◆ PROVIDED RECORDS:
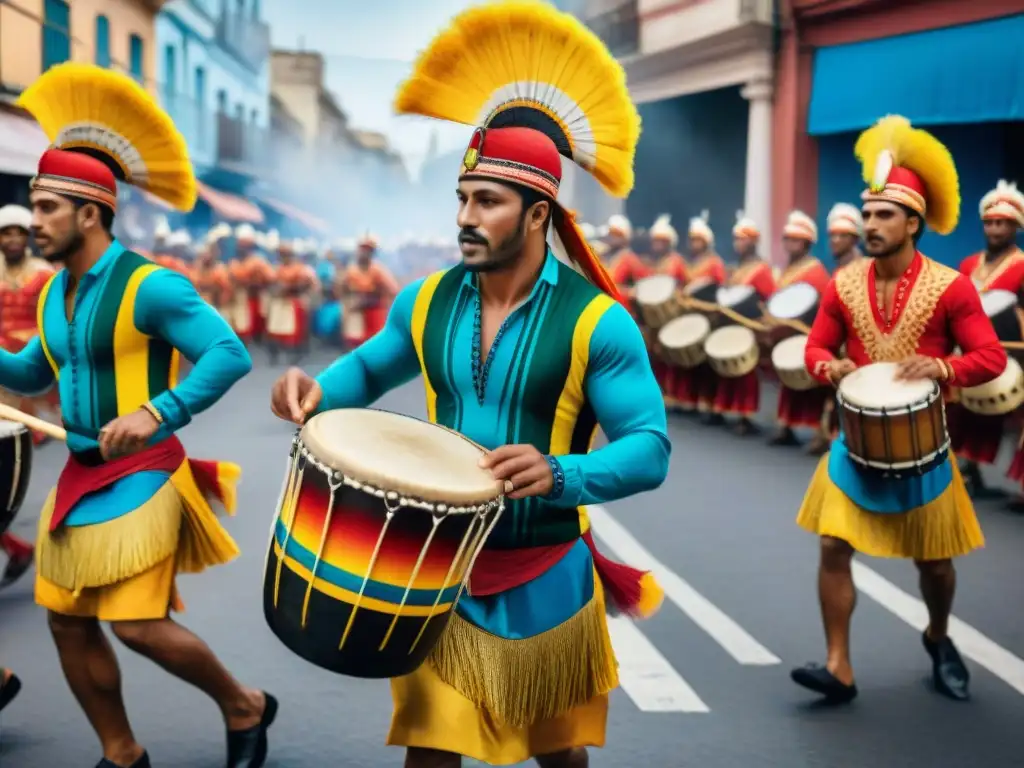Pintura acuarela vibrante de desfile de Candombe en Uruguay Un vibrante desfile de Candombe en Uruguay con grupos de tambores en trajes tradicionales tocando ritmos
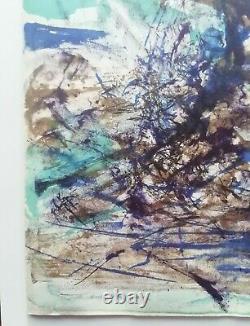 Zao Wou Ki Composition Blue And Brown, Original Lithograph 1957, Signed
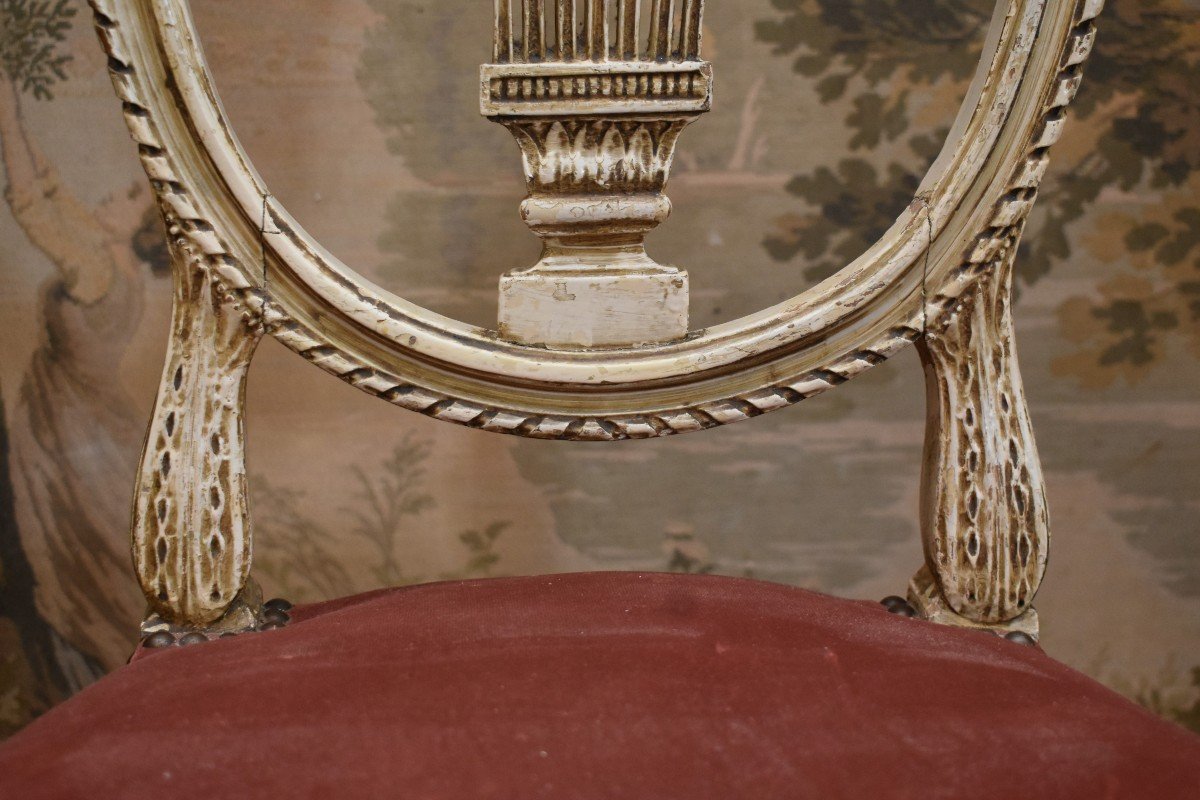 Chaise  En Bois Laqué Crème de style Louis XVI , Dossier En Montgolfière, époque Napoléon III .-photo-4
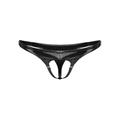 iEFiEL Mens Patent Leather Underwear Hollow Out Bulge Pouch G-String Jockstrap T-Back Thongs Black XXL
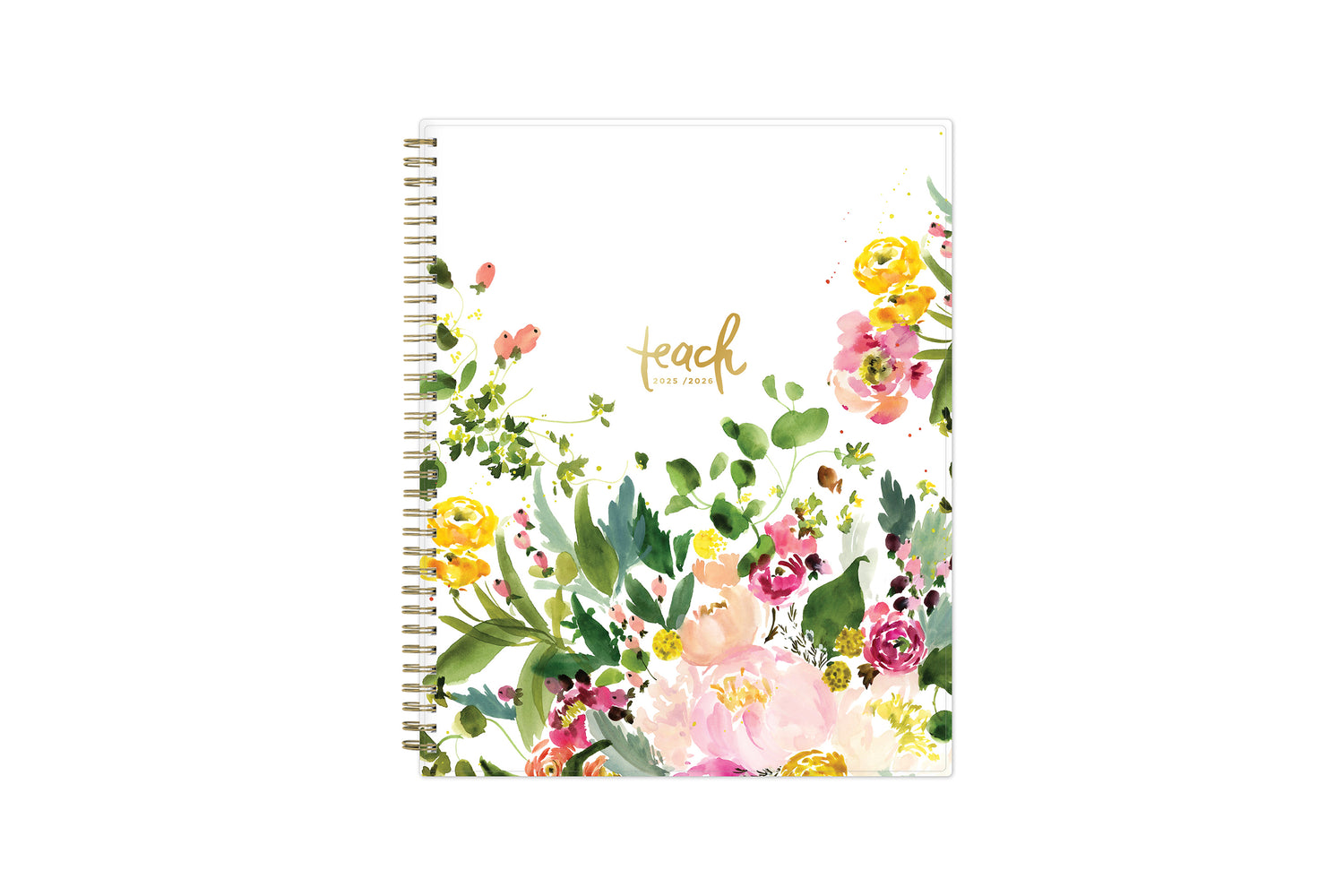 academic teacher lesson planner with weekly and monthly layouts featuring a multi colored floral front cover in 8.5x11 planner size for July 2025 - June 2026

◆ YOUR GOAL:
Give again the lines of the listing above that run from the one with "Zao Wou Ki Composition" up to and including the one with "iEFiEL Mens Patent". Keep them exact and omit the pictures.

◆ RESPONSE BELOW:
 Zao Wou Ki Composition Blue And Brown, Original Lithograph 1957, Signed
 Chaise  En Bois Laqué Crème de style Louis XVI , Dossier En Montgolfière, époque Napoléon III .-photo-4
 iEFiEL Mens Patent Leather Underwear Hollow Out Bulge Pouch G-String Jockstrap T-Back Thongs Black XXL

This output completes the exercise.